My question is the following. I use a lot of times that a function is continuous at $a$ if and only if
$$\lim_{x\to a^{-}}f(x) = f(a) = \lim_{x\to a^{+}}f(x) $$
But I've never found a rigorous proof (that I can still understand!). Maybe with $\epsilon - \delta$ definitions? Can somebody help me?
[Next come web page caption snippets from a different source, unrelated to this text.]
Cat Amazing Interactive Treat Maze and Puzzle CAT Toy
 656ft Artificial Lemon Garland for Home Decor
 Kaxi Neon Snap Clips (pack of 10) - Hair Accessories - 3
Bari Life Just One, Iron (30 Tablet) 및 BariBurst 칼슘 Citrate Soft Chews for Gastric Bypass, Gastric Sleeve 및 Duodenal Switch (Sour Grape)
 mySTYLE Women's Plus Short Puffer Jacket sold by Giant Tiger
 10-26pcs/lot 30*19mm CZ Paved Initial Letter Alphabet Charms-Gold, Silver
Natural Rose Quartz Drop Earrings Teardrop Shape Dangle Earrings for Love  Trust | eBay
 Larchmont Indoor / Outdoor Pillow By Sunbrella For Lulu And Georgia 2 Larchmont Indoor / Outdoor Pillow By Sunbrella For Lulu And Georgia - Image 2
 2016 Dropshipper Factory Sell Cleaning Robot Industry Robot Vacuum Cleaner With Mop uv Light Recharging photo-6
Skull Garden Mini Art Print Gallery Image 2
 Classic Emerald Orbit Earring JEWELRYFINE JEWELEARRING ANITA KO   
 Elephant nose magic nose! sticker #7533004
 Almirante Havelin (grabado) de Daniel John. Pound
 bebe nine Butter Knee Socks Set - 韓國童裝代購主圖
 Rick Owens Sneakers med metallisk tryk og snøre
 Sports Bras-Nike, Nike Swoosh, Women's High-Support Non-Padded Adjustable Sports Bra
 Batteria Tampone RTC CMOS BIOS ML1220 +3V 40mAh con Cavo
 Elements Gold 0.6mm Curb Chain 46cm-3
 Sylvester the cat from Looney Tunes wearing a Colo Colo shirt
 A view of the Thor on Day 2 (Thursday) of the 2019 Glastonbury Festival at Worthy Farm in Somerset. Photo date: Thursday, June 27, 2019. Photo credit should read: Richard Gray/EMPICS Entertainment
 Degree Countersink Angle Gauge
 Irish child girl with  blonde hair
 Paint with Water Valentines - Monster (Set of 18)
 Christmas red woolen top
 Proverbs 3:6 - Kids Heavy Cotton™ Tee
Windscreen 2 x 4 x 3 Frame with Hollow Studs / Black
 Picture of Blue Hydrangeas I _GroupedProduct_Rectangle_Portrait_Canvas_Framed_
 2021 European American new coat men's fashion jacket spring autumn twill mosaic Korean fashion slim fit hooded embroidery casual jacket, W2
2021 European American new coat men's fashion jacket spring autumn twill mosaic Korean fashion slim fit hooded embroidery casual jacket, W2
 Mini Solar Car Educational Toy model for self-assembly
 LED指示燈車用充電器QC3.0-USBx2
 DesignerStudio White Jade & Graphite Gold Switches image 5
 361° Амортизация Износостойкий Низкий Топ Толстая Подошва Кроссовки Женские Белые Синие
Thanks!
On
$\lim_{x\to a^{+}}f(x)=f(a)$ means that for any $\epsilon >0$ there exists $\delta_1>0$ such that $$x\in (a,a+\delta_1)\implies |f(x)-f(a)|<\epsilon.$$
$\lim_{x\to a^{-}}f(x)=f(a)$ means that for any $\epsilon >0$ there exists $\delta_2>0$ such that $$x\in (a-\delta_2,a)\implies |f(x)-f(a)|<\epsilon.$$
Thus, given $\epsilon>0$ there exists $\delta=\min\{\delta_1,\delta_2\}$ such that
$$|x-a|\le \delta \implies |f(x)-f(a)|<\epsilon,$$ that is, $f$ is continuous at $a.$
A map $f$ is continuous at $a$ iff for every $\varepsilon > 0$ there is some $\delta > 0$ such that $0 < |x-a| < \delta$ only if $|f(x) - f(a)| < \varepsilon$; but $0 < |x-a| < \delta$ iff $-\delta < x-a < 0$ and $0 < x-a < \delta$; hence $f$ is continuous at $a$ iff $\lim_{x \to a-}f(x) = f(a) = \lim_{x \to a+}f(x)$.